Standing in the Shadows of Motown, bankrolled by Sonoma County telecom engineers Paul Elliot and David Scott (who were part of a group that purchased the Phoenix Theatre a couple of years ago), is simply a must-see film for any true fan of great '60s and early '70s pop music. Based on Allan Slutsky's acclaimed book of the same name, Standing in the Shadows of Motown chronicles in fabulous detail the saga of the Funk Brothers, the ace studio musicians selected by label founder Berry Gordy from Detroit's best jazz and blues players to create the grooves behind such Motown stars as the Temptations, Stevie Wonder, Marvin Gaye, the Supremes, and many others. The film screens Thursday, Oct. 10, at 7pm and Sunday, Oct. 13, at 4pm at the Sequoia Theatre.

A Thousand and One Voices: The Music of Islam is a timely examination of the always soulful and often ecstatic music and chants of the Sufis, a mystical branch of Islam. Filmmaker Mahmoud Ben Mahmoud traces the musical practices of several Sufi brotherhoods, from the graceful whirling dervishes to the high-energy rituals of an Indian order. A Thousand and One Voices screens Saturday, Oct. 12, at 4:45pm at the Rafael Film Center.

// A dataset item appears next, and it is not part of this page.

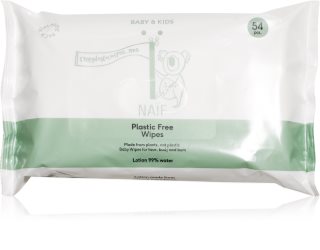 Naif Baby & Kids Feuchttücher für Kinder ab der Geburt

Welcome to the Club: The Women of Rockabilly sets the record straight on the contribution made by the dynamic female contingent of early rock and roll pioneers. Director Beth Harrington uses powerful, seldom-seen archival footage to flesh out the stories of Wanda Jackson, Brenda Lee, and the Collins Kids. Get ready for beehives and jumpin' jive. And get in the mood with the short opening film Cowgirls, an ode to hard-riding rodeo gals. The films screen Wednesday, Oct. 9, at 7pm at the Sequoia Theatre and will be followed by a live musical tribute at Sweetwater, right up the street.

For additional ticket information, visit or call 415.383.5256.

From the October 3-9, 2002 issue of the North Bay Bohemian.

© Metro Publishing Inc.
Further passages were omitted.